[theora] Marketing stuff

Aaron Colwell acolwell at real.com
Wed Sep 12 11:47:13 PDT 2007


comments inline

Maik Merten wrote:
> Aaron Colwell schrieb:
>   
>> In my opinion I believe that these claims are anecdotal at best. Has
>> anyone actually
>> done a true bake off between Theora and the codecs mentioned? Has anyone
>> done PNSR
>> vs bitrate or similar comparisons across a large and diverse body of
>> content? For
>> me these types of comparisons are far more compelling than a zoomed in
>> area of a single
>> frame where the deblocking filter happened to do a good job.
>>     
>
> First of all PSNR is of course no usable quality metric. Nothing but
> human eyes can judge quality, which is what makes tuning codecs a
> non-trivial thing.
>
>   
While I agree that human eyes are the best, PSNR even with all of its 
flaws has been commonly used
in academic papers, codec evals, etc. to compare codec performance. 
While it isn't the best metric it
is A metric that can be informative.

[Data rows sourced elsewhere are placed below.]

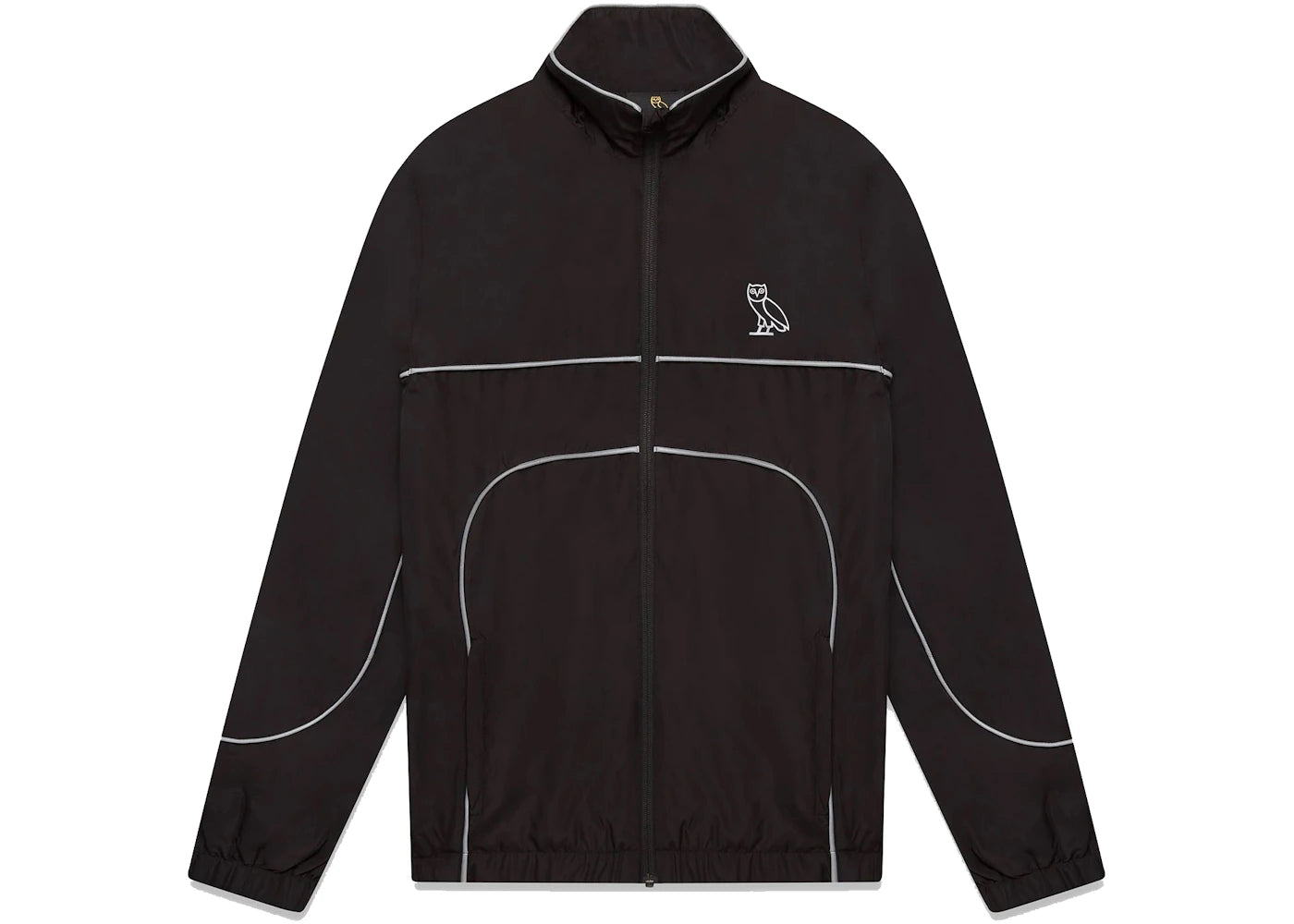 OVO La Ville Track Jacket Black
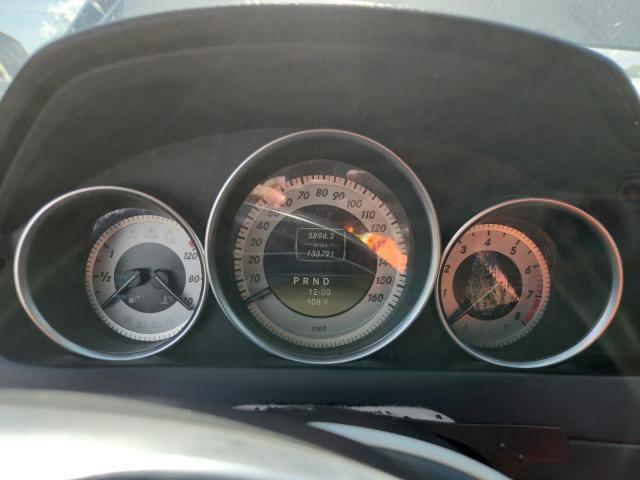 2012 Mercedes-Benz C 300 4matic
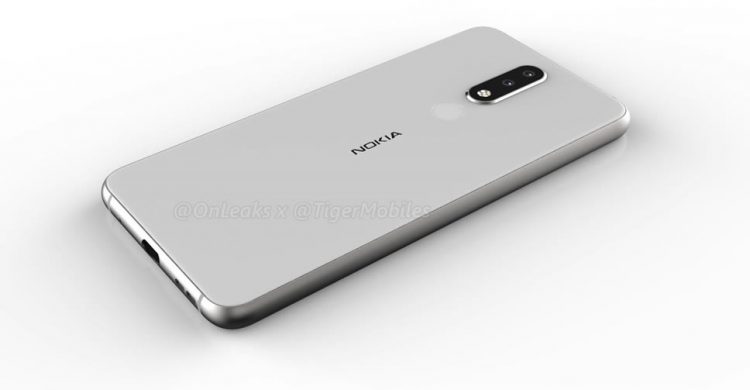 เผยดีไซน์ Nokia 5.1 Plus มาพร้อมกล้องคู่หลัง หน้าจอมีรอยบาก (ชมคลิป!!)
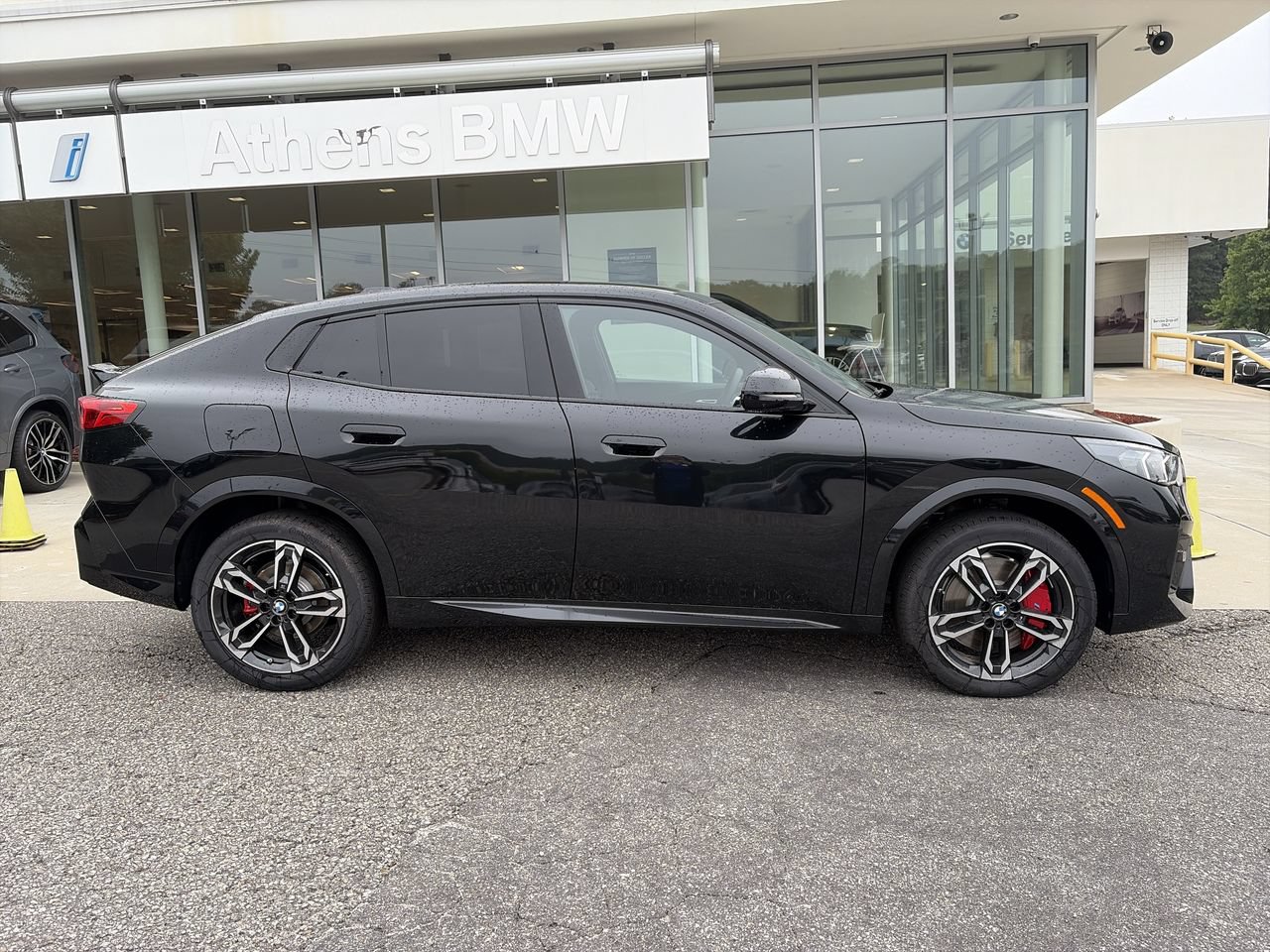 Used 2026 BMW X2 xDrive28i w/ Technology Package AWD/4WD image 9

I'd prefer some sort of 
double-blind human test, but obviously that
is much more difficult to coordinate.
> I'm doing claims regarding some codecs that happen to not have an
> in-loop deblocking filter. From today's point of view they are dated but
> still widely used.
>
> At extremely low bitrates the lack of advanced deblocking obviously is a
> problem:
>
> http://people.xiph.org/~maikmerten/sign_irene_484_mpeg4-2.png
>
> http://people.xiph.org/~maikmerten/sign_irene_484_theora.png
>
> (no postprocessing applied, QCIF, 25 fps, ~130 kbps)
>
>
>   
I'm also concerned with terms like "Extremely low bitrate", which 
apparently maps to ~130kbps in
your mind. For someone like me who has spent quite a bit of time in the 
past with mobile & modem speed
media delivery, this isn't "extremely low" at all. Info like frame-size, 
frame-rate, and bitrate are key to
deciphering what "extremely low bitrate" really means in this context.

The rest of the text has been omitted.